Zijn wens is een prima uitgangspunt voor het bestrijden van
de domheid. Immers alle kennis ligt in de verwondering (Aristoteles).
Vervolgens begint Jules de Corte een stel kindervragen te
stellen en nog stommere antwoorden te geven, zoals waarom zijn de bergen zo
hoog? Die zijn een stut voor de hemelboog en waarom zijn de zeeën zo diep, dat
is omdat ze dienen tot meerdere glorie van God die de wereld schiep.

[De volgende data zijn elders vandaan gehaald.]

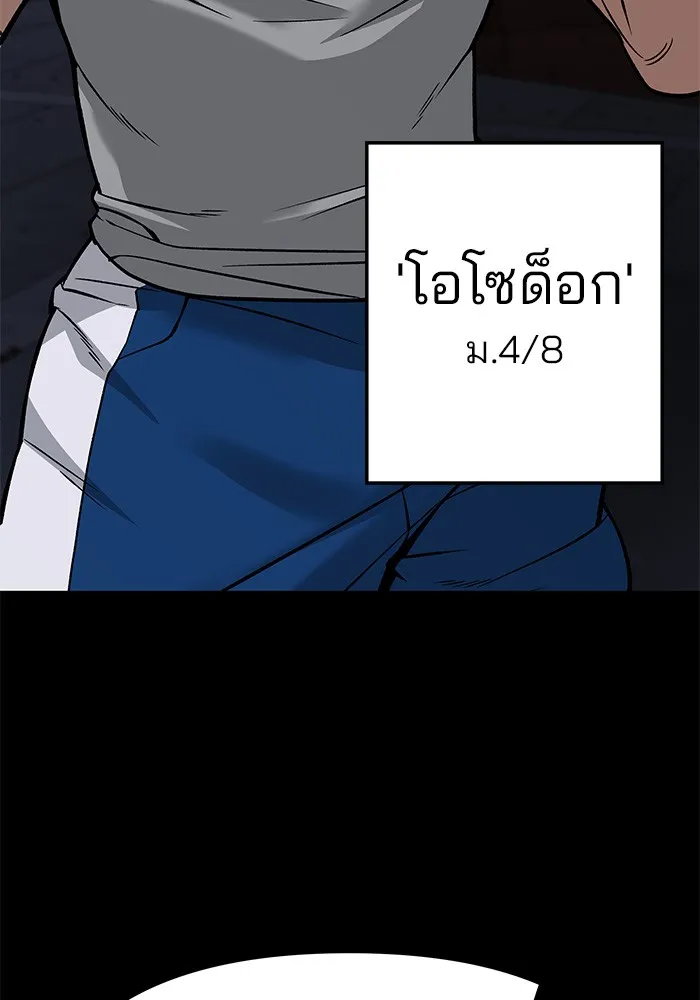 เลวฟาดเลว ตอนที่ 60 รูปที่ 62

Geen natuurkundeles gehad.
Er staat ook veel misschien in de tekst.
Maar goed.
De laatste strofe van het lied vraagt ons: waarom zijn de
mensen zo moe? Dat komt door het jachten en jagen en door al die tienduizend
vragen en altijd onderweg naar de vrede toe. In 1963 was dat. Inmiddels is het
onderweg nog veel erger geworden. Vooral met de vrede en dat gejakker en
daarbij voortdurend de blik op dat scherm van het alom aanwezige anti-communicatievehikel:
de smartphone! De domme blik op dat slimme ding.

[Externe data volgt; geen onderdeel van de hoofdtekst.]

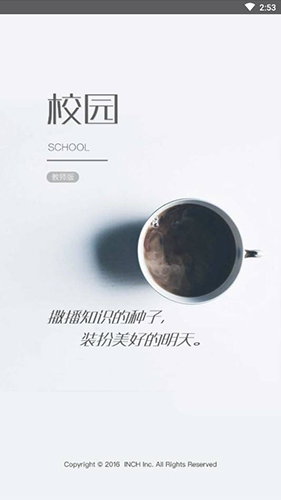 校园教师版 V2.9.9 安卓版截图1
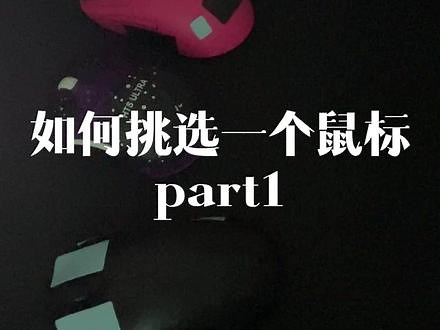 罗技鼠标185和187区别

Waarom de mensen zo dom zijn? Dat vroeg hij niet. We zijn
niet dom, maar moe.
Jules had een goed hart en een kritische blik. En zes
kinderen. Ik zag hem vaak in de trein onderweg naar de vrede toe. Reizigers
zaten toen te suffen, te lezen, te loeren of te luisteren.
Dag meneer De Corte.
Dag meneer Onderweg.
In Vietnam kregen de boeren toen gratis oranje
onkruidbestrijdingsmiddel uit Amerikaanse sproeivliegtuigen. Dat was voor de
wereldvrede.
Jules de Corte was een goed mens en gelovig.
Misschien.
Het is gek, maar als ik dit liedje hoor dan ontroert me dat
nog altijd. En je kunt het zelf ook beleven, op you tube. Op internet staat bijna
alles. Heel slim. Nu wij zelf ook nog.
Waarom zijn de mensen dan dom? Ja, u en ik niet natuurlijk,
maar al die anderen wel.
We weten het waarom van die hoge bergen en de diepe zeeën.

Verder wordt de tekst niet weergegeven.